Start of Block
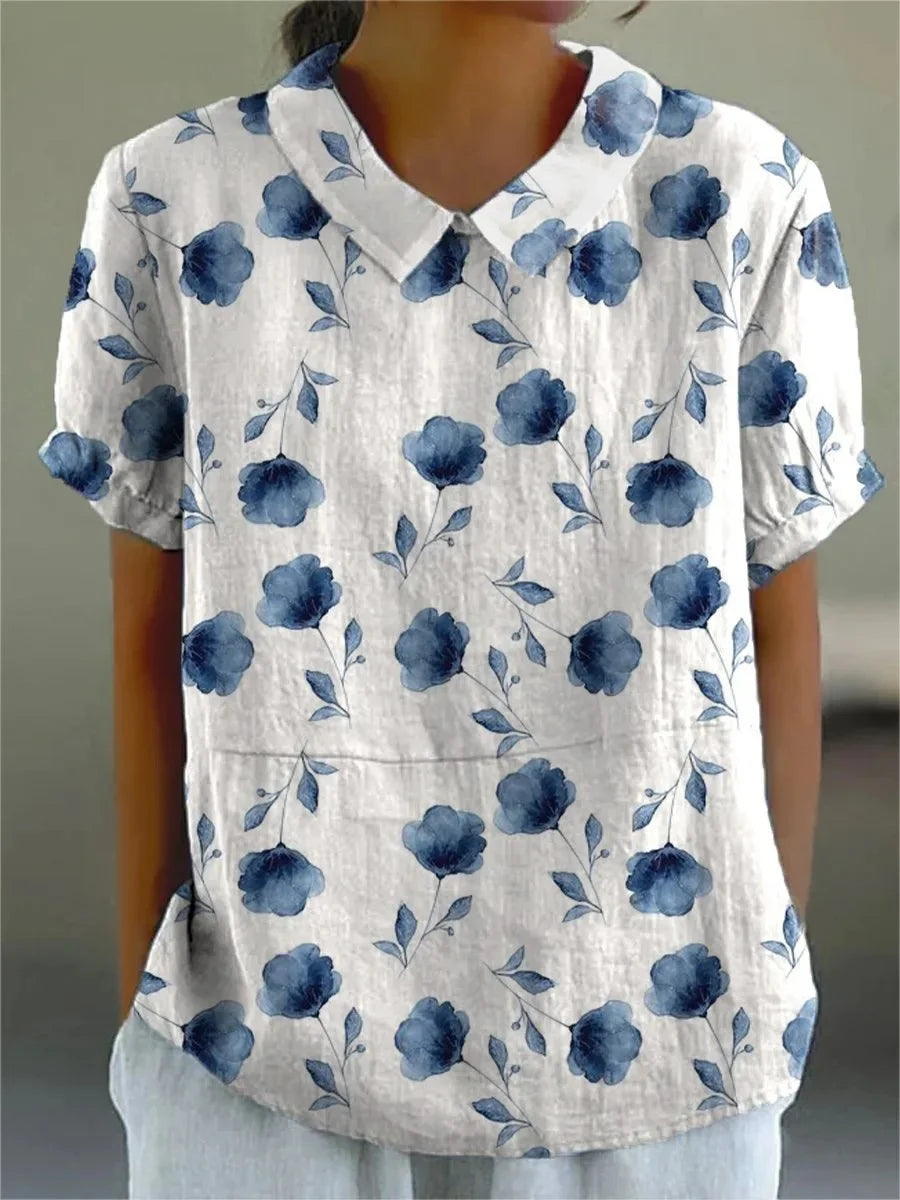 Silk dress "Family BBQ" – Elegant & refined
End of Block
Start of Block
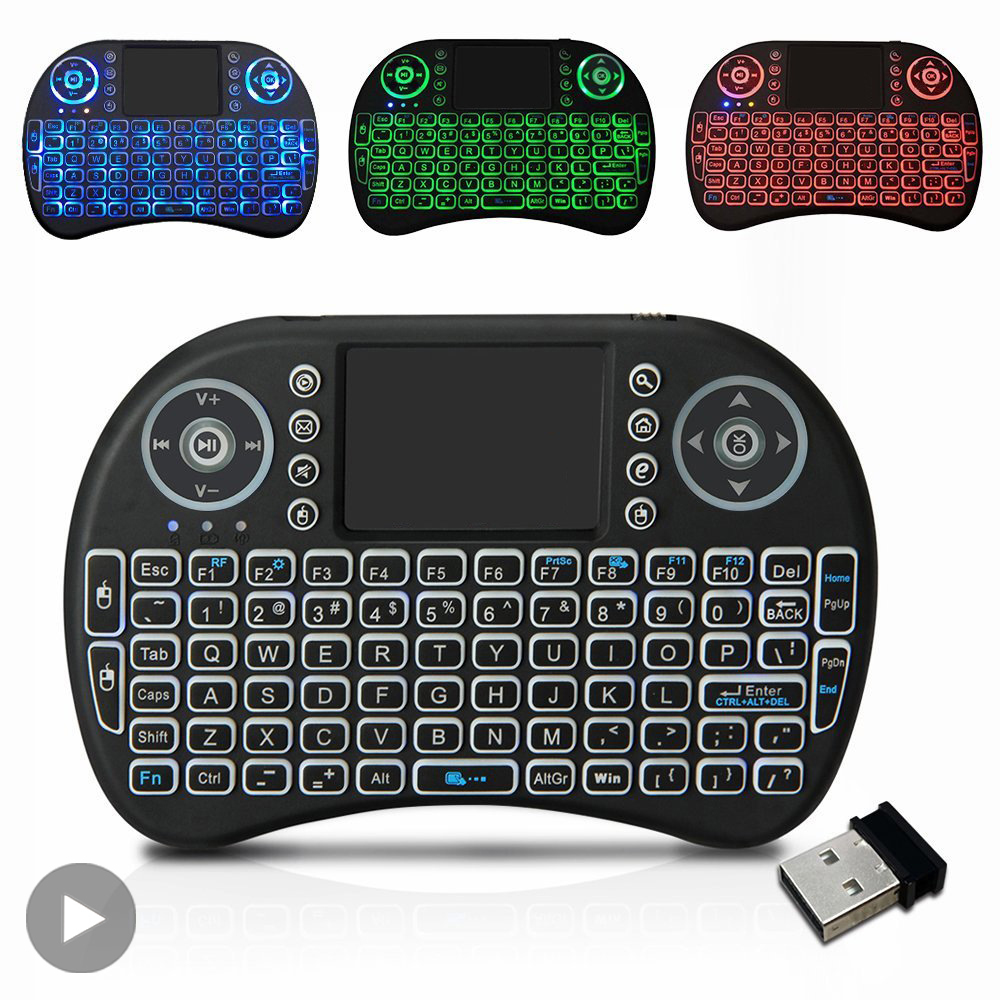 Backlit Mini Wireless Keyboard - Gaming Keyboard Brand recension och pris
End of Block
Start of Block
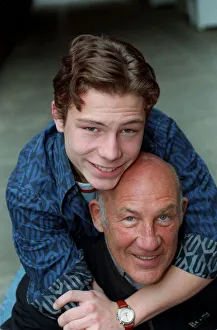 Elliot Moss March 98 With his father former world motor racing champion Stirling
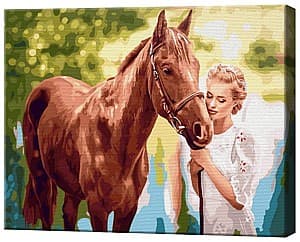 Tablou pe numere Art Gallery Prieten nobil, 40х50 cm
End of Block
# Task description
Working from the data above, repeat exactly, and only, the lines that begin at the line containing "Elliot Moss March" and stop after the line containing "Tablou pe numere"; pictures are not copied.

# Solution for this task
 Elliot Moss March 98 With his father former world motor racing champion Stirling
 Tablou pe numere Art Gallery Prieten nobil, 40х50 cm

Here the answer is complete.